Edito du mois : Le bras de fer Trump – Powell
Publié la première fois le: 25/10/2018 à 11h25
Mis à jour le: 07/11/2018 à 10h47
par Jonathan Levy
Si ce n’était une affaire sérieuse, cela en serait risible : Trump a de nouveau pesté contre la FED qui est en phase de remontée des taux d’intérêt. Il y a deux semaines, il l’a traitée de « folle », et cette fois-ci, il s’est plaint dans le très sérieux Wall Street Journal que la « FED relevait les taux trop vite, comme si Jerome Powell était content de le faire ». « A chaque fois qu’on fait quelque chose de bien, il monte les taux » a tonné Donald Trump.
Mais ce que ne comprend pas le président américain, ou ce qu’il feint de ne pas comprendre, c’est que la politique monétaire de la FED est finalement la conséquence logique à sa politique économique, avec les bons et les mauvais côtés.
Les bons côtés d’abord. La formidable relance budgétaire initiée l’année dernière a fortement contribué à l’embellie de l’économie américaine. La baisse de l’impôt sur les sociétés a redonné de l’air aux entreprises qui ont à la fois augmenté les salaires, et investi. Pour les entreprises cotées, elles ont aussi lancé des plans de rachat d’actions, ce qui a été favorable à Wall Street, mais pas forcément à l’économie réelle. Trump a aussi mis en application sa promesse de campagne : simplifier la réglementation. Mais au global, les entreprises ont continué à embaucher, faisant reculer le chômage à son plus bas niveau historique. Donald Trump a également baissé l’impôt pour les ménages ce qui a permis de soutenir la consommation, pilier de l’économie américaine. Pour prévenir la surchauffe de l’économie (qui se voit dans les salaires et dans le niveau de l’inflation au-dessus de 2%), il est temps pour la FED de relever ses taux d’intérêt.
Les mauvais côtés maintenant, avec la guerre commerciale. Le pari de Donald Trump est que la Chine a plus à perdre que les États-Unis.
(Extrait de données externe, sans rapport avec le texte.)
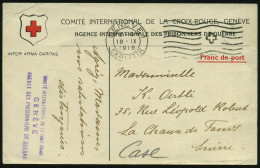 SCHWEIZ 1916 (18.9.) MaWellenSt.: GENEVE 1 , Zweifarbige RK-Vordr.-Kt.: COMITE INTERNAT. DE LA CROIX-ROUGE.. AGENCE INT. - Red Cross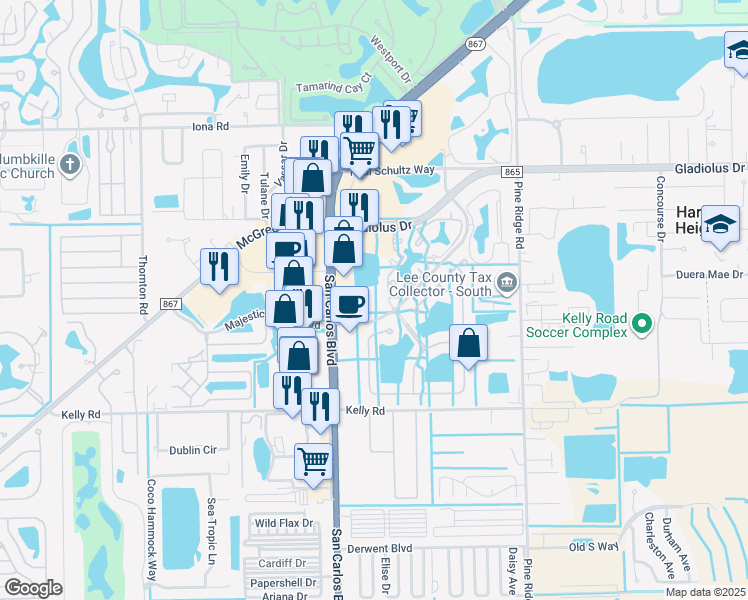 map of restaurants, bars, coffee shops, grocery stores, and more near 15800 Beachwalk Boulevard in Fort Myers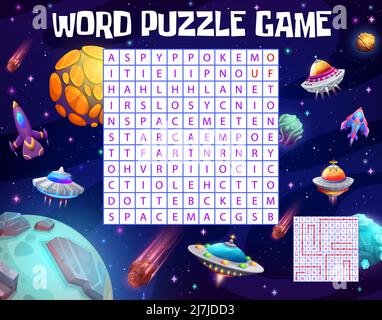 UFO, Raumschiff und Raumschiff in Galaxie Wortsuche Puzzle-Spiel Arbeitsblatt. Vektor Kinder Quiz Gitter, Brainteaser für Kinder mit Cartoon kosmische Motoren und Planeten, finden englische Wörter Aufgabe Stock Vektor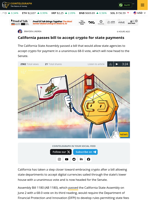 California’s lower house passes crypto payments bill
Mais le président fait un mauvais calcul puisque les deux économies seraient perdantes. Et les États-Unis commencent d’ailleurs à payer les conséquences de ce bras de fer avec la Chine. Donald Trump a décidé de taxer les importations en provenance de la Chine. Mais cela rend les produits importés plus chers. Par conséquence cela contribue à faire grimper les prix. Cela pèse sur le pouvoir d’achat des ménages ou sur les marges des entreprises lorsqu’elles n’arrivent pas à répercuter la hausse des coûts dans leurs prix. Dans tous les cas, la conséquence directe de ces mesures de hausse des taxes douanières est une hausse de l’inflation. Là encore, cela doit pousser la FED à relever ses taux d’intérêt.
Les conséquences de la hausse des taux aux Etats-Unis sont multiples. Pour commencer, cela rend les crédits plus chers, ce qui affaiblit entre autres le marché immobilier (les ventes de logements neufs sont en forte baisse en septembre). La hausse des taux rend également le dollar plus fort, ce qui est contraire à l’effet recherché, puisque cela rend les exportations moins compétitives et les importations plus attractives. Enfin, cela rend les marchés financiers plus nerveux : les investisseurs se détournent des actions américaines pour acheter des Treasuries jugées plus rémunératrices et moins risquées. Cette rotation d’actifs crée de la volatilité sur les marchés financiers, or les États-Unis sont sensibles au niveau de la bourse. Cela gêne donc Donald Trump, particulièrement en période électorale.
Donald Trump a donc pris en grippe le président de la FED, qu’il a lui-même nommer en début d’année. Mais Jerome Powell est finalement la seule personne au monde sur laquelle Trump n’a pas de réel moyen de pression. Un adage sur les marchés financiers dit : don’t fight the Central Bank (n’affronte pas la Banque Centrale). Cela s’applique-t-il au président des États-Unis ? Finalement lequel des deux hommes est le plus puissant ?
La réponse à cette question semble évidente. Certes, l’un est nommé par l’autre, mais Hegel nous a appris que du maître et de l’esclave, c’est finalement le second le plus puissant.